» Data provided:
● ● ● ● ● ● ●

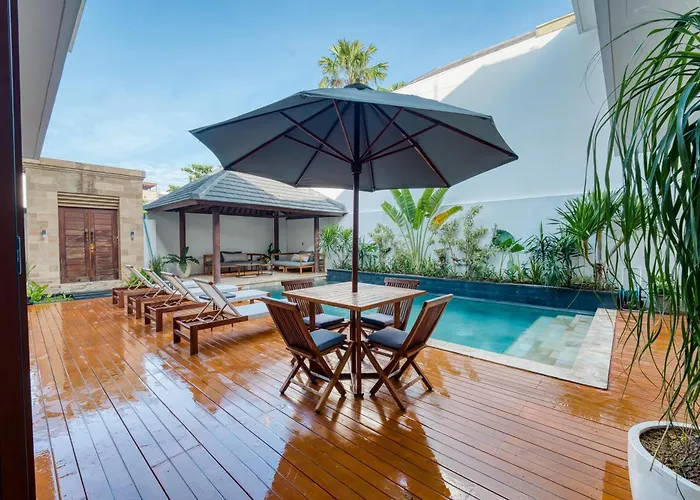 Modern 4bd - Center - 2 Min To & Finns Club Villa
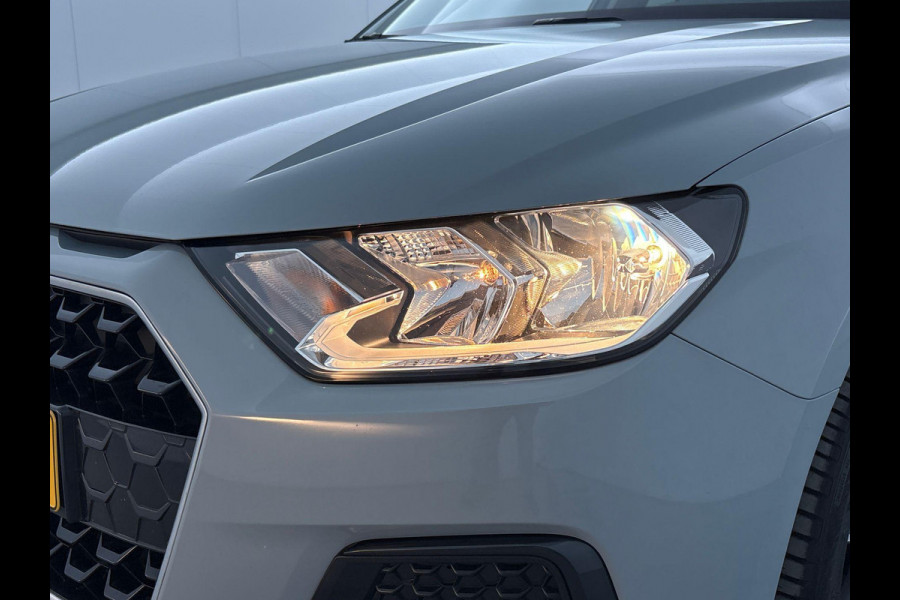 Audi A1 Sportback 25 TFSI Advanced edition 95 pk S-tronic | Verlengde garantie | Navigatie via App | Parkeersensoren (achter) | Adaptieve cruise control | Autom. Airco | Apple carplay / Android auto |
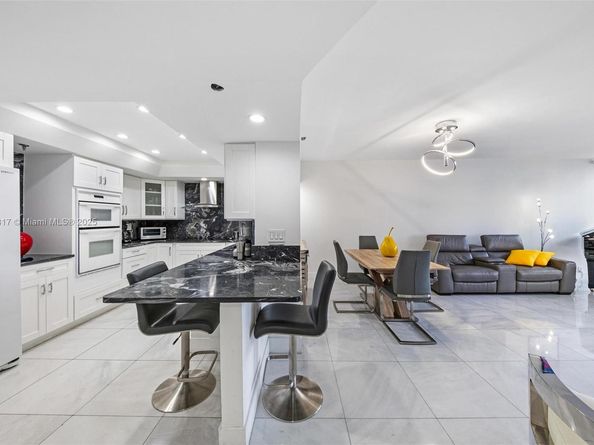520 Brickell Key Dr A710, Miami FL 33131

● ● ● ● ● ● ●

» Work order:
With images omitted, output the data exactly as given.

» Answer to this problem:
 Modern 4bd - Center - 2 Min To & Finns Club Villa
 Audi A1 Sportback 25 TFSI Advanced edition 95 pk S-tronic | Verlengde garantie | Navigatie via App | Parkeersensoren (achter) | Adaptieve cruise control | Autom. Airco | Apple carplay / Android auto |
520 Brickell Key Dr A710, Miami FL 33131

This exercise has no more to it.